Bob Roberts

Robert Lanor Roberts
Born: September 30, 1928 (Spokane, Washington)
Died: January 11, 2015 (Kennewick, Washington)

Bob Roberts pitched for the Vancouver Capilanos for part of the 1953 season and all of the 1954 season, when the Caps won the pennant in the Western International League in their last year of operation.

Born in Spokane, Wash., where he starred at Rogers High School, Roberts turned professional at age 18, pitching for the Boise Iida.) Pilots of the Pioneer League. He left Boise suddenly in 1948 to be with his father, who died soon afterwards. He was suspended by Organized Baseball for abandoning his team and spent the 1949 season in Spokane’s Independent Twilight league.
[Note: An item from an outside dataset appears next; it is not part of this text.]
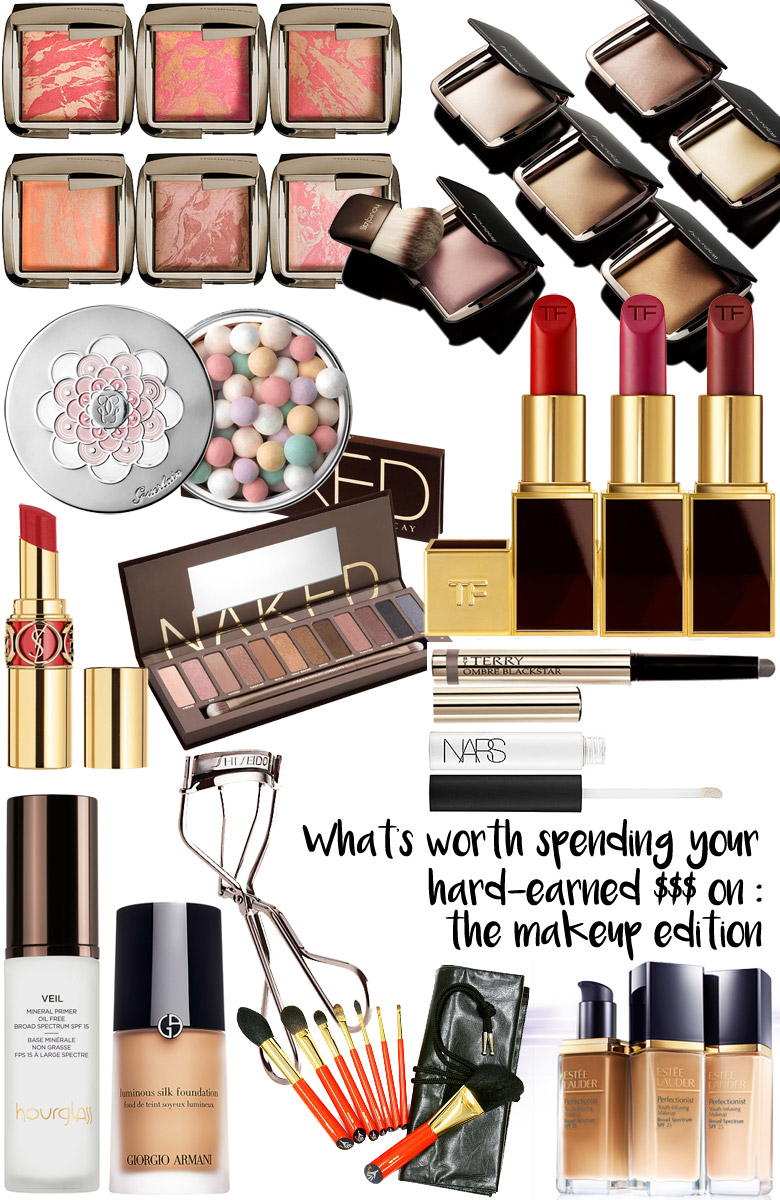 What's Worth Spending Your Hard-Earned Dosh On: The Makeup Edition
He was reinstated for the 1950 season, earning a roster spot with the hometown Indians of the Western International League.

On July 22, 1951, Roberts won both games of a doubleheader in relief at Tacoma, Wash., as Spokane twice came from behind for 4-1 and 3-2 victories.

He went 22-21 over three seasons before being sold to the Calgary Stampeders of the same league.

The 5-foot-9, 175-pound right-hander came to Vancouver midway through the 1953 season.Roberts got the win in relief in Vancouver’s season-opener in 1954, as the Capilanos defeated the visiting Victoria Tyees by 12-7. Roberts came in with runners on base and no outs in the third, pitching out of the jam without surrendering a run. He was mostly untouched until he tired in the ninth, when Victoria scored two runs on three walks and a pair of singles.

The pitcher went 5-0 in his first seven games in 1954 with 17 strike outs in 42 innings pitched. He ended the campaign with a 12-5 record.

Roberts went on to pitch for the Seattle Rainiers, Wenatchee (Wash.) Chiefs, and Lewiston (Ida.) Broncs, before finishing his career with the Yakima (Wash.) Braves in 1959. Over 12 seasons, he posted a record of 108-91.

A capable hitter, who handled spot duty in the outfield and was frequently called upon to pinch hit, Roberts hit .255 in 796 at-bats, a better average than many everyday players.